Nello spazio nessuno può sentirti urlare, strillava un famoso film di fanta-horror di fine anni 70. Anche questo è vero. Soprattutto se sulla terra la comunicazione non arriva. L’urlo si sente eccome, nella testa, si ode rimbombare tra le lamiere contorte delle astronavi distrutte in serie da una concatenazione di eventi talmente abnorme e casuale che è assimilabile per incertezza e possibilità statistica alla percentuale di possibilità di sopravvivenza di uno spermatozoo nel suo viaggio, disperato, verso il proprio salvifico approdo.
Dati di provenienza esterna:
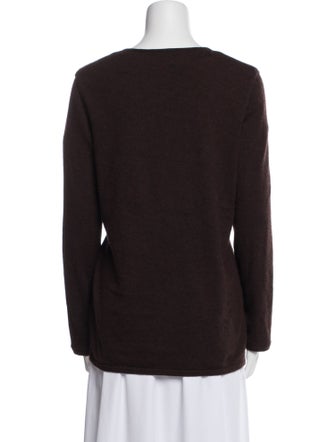 Oscar de la Renta Patterned Crew Neck Sweater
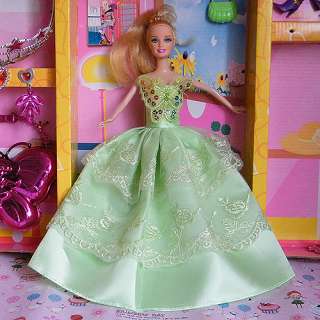   Handmade Princess Clothes Dress Gown for Barbie doll 016xe  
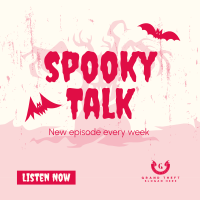 Spooky Talk Instagram Post Design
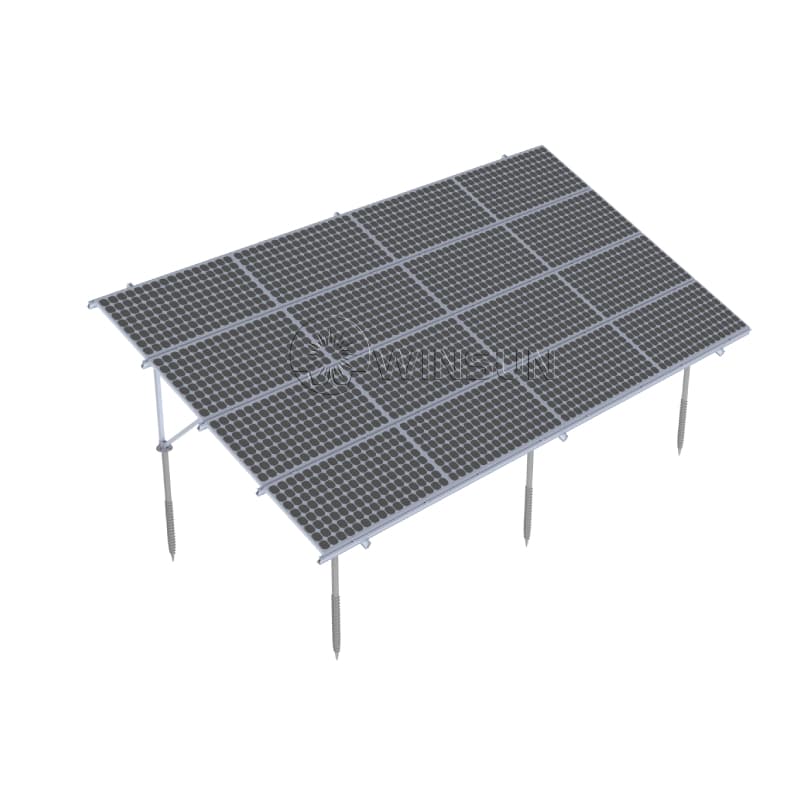 aluminum ground mounting system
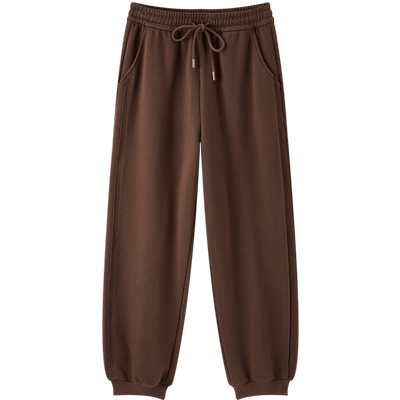 乐町美拉德风休闲束脚裤女秋冬新款垂感抽绳松紧设计长裤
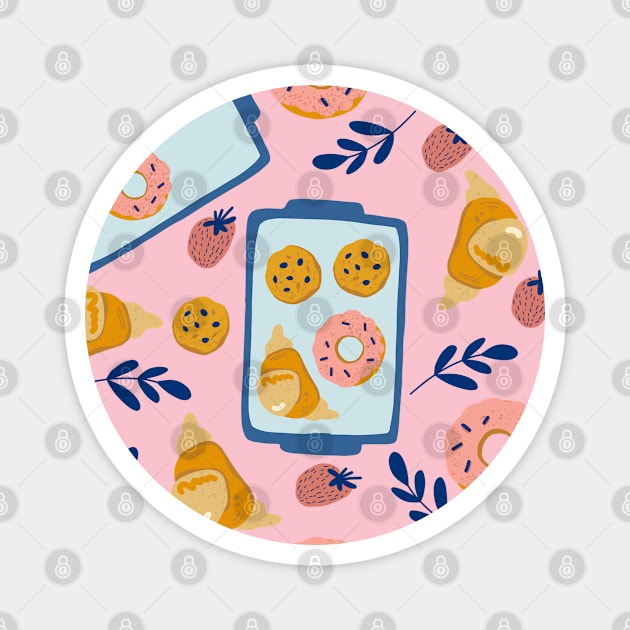 Home Baking Pattern Magnet by Patternos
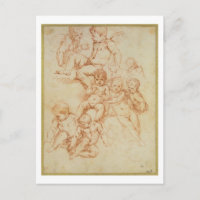 Cherubs, début du 17ème siècle (craie rouge sur pa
Da qui la rinascita, dopo tanto peregrinare.
Dopo tutto la vita sul pianeta terra sembra che sia arrivata proprio da quell’ignoto spazio profondo che coincide con lo spazio profondo sconosciuto e oscuro dell’animo umano , custode del mistero della creazione.
Lo spazio, estrema espressione della potenza della natura, è dotato di una sua perversa bellezza incastonata in leggi rigorose. Bellezza che si riflette negli occhi e nel sorriso di un sornione George Clooney che affronta il viaggio solitario godendo della vista del suo pianeta da 600 km di altezza e divenendo parte di quel nulla, per l’eternità. C’è una sorta di ciclicità, vita morte e rinascita in questo film, dove la tecnologia a disposizione dell’uomo non è abbastanza per infondere certezza e salvezza, così complessa e fragile al tempo stesso, quanto la materia umana è resistente e tenace. E’ un monologo interiore che si espande quello della Bullock, riempie lo schermo e risorge come da nuova vita dalle acque in uno splendido finale.
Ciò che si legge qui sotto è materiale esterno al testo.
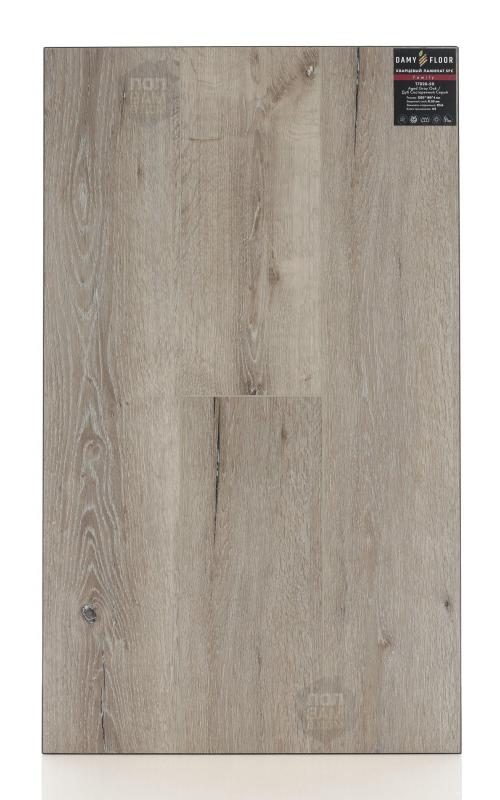 SPC ламинат Damy Floor Дуб Состаренный Серый T7020-5D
L’impianto spettacolare è magnifico e funzionale è il 3D capace di restituire la sensazione di vuoto nel quale galleggiano, corpi, oggetti, fiammelle e le speranze degli astronauti alla deriva. Il tutto senza l’esacerbazione frenetica del montaggio della produzione action contemporanea, piuttosto con una misura di accelerazioni e pause, tempi perfetti scanditi tra introspezione a azione di un film estremamene moderno nel tema ma classico nella messa in scena.
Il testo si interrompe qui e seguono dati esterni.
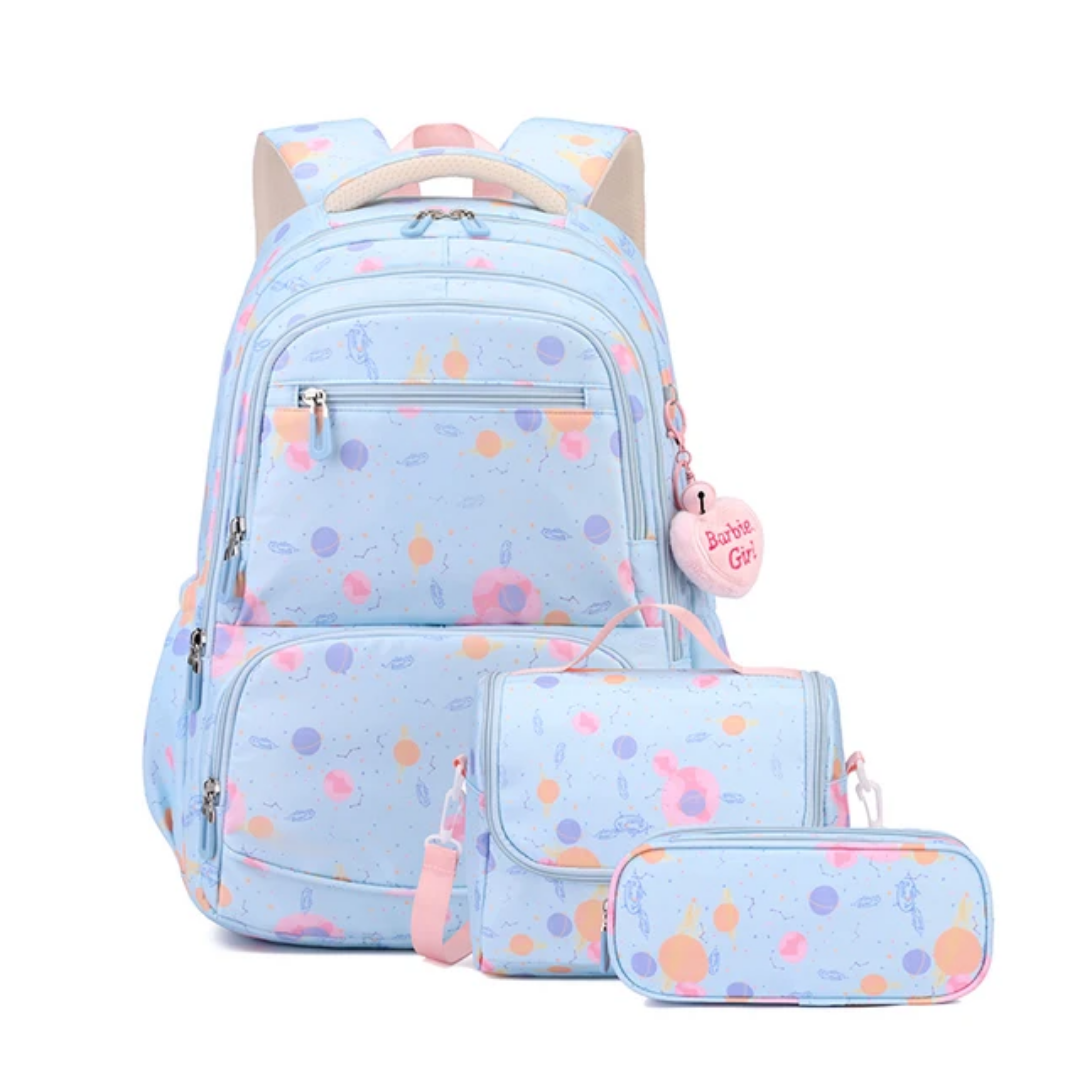 Mochila Escolar 3 Piezas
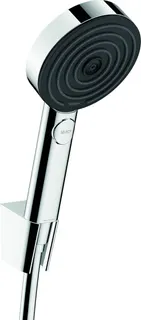 sanibel 3001-Wannen-Brauseset A23 mit Handbrause EcoPlus, Schlauch/Halter vc
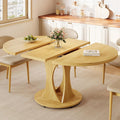 Natural Extendable Round Dining Table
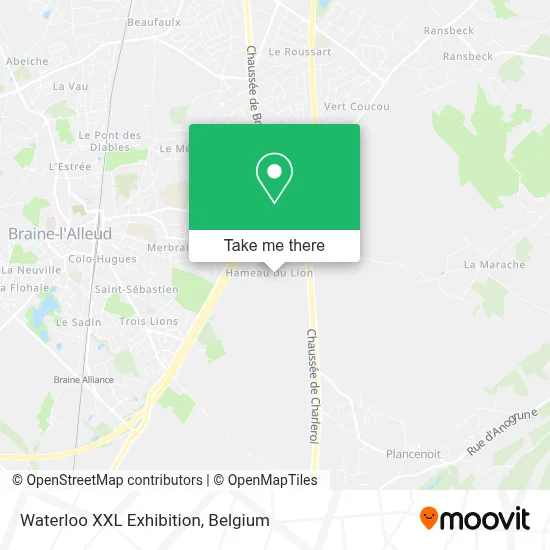 Waterloo XXL Exhibition map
Dura 90 minuti, e forse non a caso . E’ il tempo che i detriti spaziali causanti il disastro ci mettono per completare un’orbita intorno alla terra e ripiombare sui malcapitati astronauti. Corrispondenza di tempi e di luoghi. Lo spazio stereoscopico animato dal 3D cola nello spazio scuro del cinema e si fa un unico frammento spazio temporale. 90 minuti sono pochi. Ma abbastanza per morire, sopravvivere ed emozionarsi.